Puede parecer fácil a priori, pero no lo es. Algunos países han logrado construir en torno a su nombre un reclamo de admiración, ya sea por sus servicios públicos, la limpieza de su democracia, la fortaleza de su economía, el nivel de su cultura o la belleza de su patrimonio. Otros, para su desgracia, se han registrado como marca en el anaquel de los bananeros, donde la corrupción, la inestabilidad política, el bajo nivel de sus dirigentes o la debilidad de su economía, son señas de identidad. Lo fácil, por tanto, sería enmarcarse en uno de esos grupos, o simplemente quedarse a medio camino de ambos, pero hace falta ser un país muy grande para conseguir destellos de liderazgo en los dos.

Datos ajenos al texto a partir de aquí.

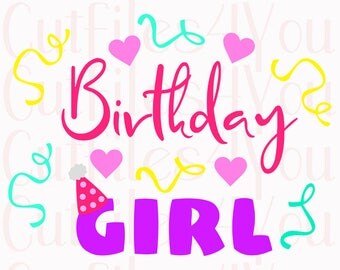 Birthday Girl SVG, Toddler Girl SVG, birthday svg, birthday celebration svg, HTV Ready Design, digital cut file, cameo cut file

A ningún español hará falta explicarle nuestras taras de bananeros, pues no tenemos mejor enemigo que nosotros mismos. Basta con darse una vuelta por Twitter para conocer las carencias de nuestros servicios públicos, la represión dictatorial que soportamos, el nivel tan bajo de nuestra educación, los crímenes sobre los que se sustenta nuestra historia o lo casposo que es lucir una bandera (depende de cuál, siempre ha habido clases).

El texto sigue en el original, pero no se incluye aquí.